Truth, Enlightenment, and ... animality

It's fashionable to say we are post-truth, but falsity and unreason have always lived alongside fact and inquiry -- and not just as their opposites. 

As folks like Nietzsche and Freud have shown, the capacity for truth and reason is often built out of processes of violence, rejection, and resentment. Anyone who has been to school understands this tension. So must anyone who has reckoned with the history of America, beacon both of slavery and of freedom, of both equality and of racism, that most arbitrary and ugly form of inequality.

We are, after all, not minds, but animals. Human animals operate largely outside of processes reason or even self-interest. These are late-arriving achievements, hard won and fragile. 
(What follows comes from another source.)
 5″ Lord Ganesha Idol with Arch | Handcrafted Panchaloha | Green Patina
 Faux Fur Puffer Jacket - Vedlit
Yes, we can maintain ourselves in a space of reason; we are capable of operating purely economically, but anyone who has interacted with another human animal intimately knows that all of us also need spaces of irreason and even violence, where we can express our fear, our feelings, our physiological animality. These spaces give us the strength to recover so that we can continue to do the work of enlightened living together.

The fragile institutions of democratic life are built to accentuate our capacity for reason, but as the events of this new century unfold, from 9/11 to Sandy Hook, from Trump to Allepo, it's clear that they are not always strong enough. Irreason and violence can be more powerful; they are likely more native to our natures.

This raises a question: What should our expectations for democracy be? How civilized can we expect to be?  In the push for a more perfect union, have we set up unreasonable expectations for our animal selves?  

There is no greater recipe for discord in relationship than to expect your partner in that relationship to be more reasonable than they are -- whether this is your spouse or your 4 year old. How often have we imposed a tyranny of the rational only because we were incapable of empathy, of listening, or of just being with each other without judgment.

One way to understand 2016 is that this is the year that the tyrant within the liberal/moral/democratic/pragmatic social order [the superego] has been knocked off his throne. 

How should we who -- despite and because of our privilege and blindness -- sustain the power of enlightenment culture respond? What do we owe to our animality? What can we expect from it? Can we tolerate its re-emergence? 

Comments

  1. For me, it comes down to expressing my animality in a way that does not harm others. I have learned that over-restraining it will ultimately harm those around me. I am a nicer dad and husband when I eat well and indulge in harmless *and* "useless" entertainments.

    As far as a larger culture, maybe we need to celebrate and foster harmless collective animalistic activities (competitive sports) and pleasures (arts, music).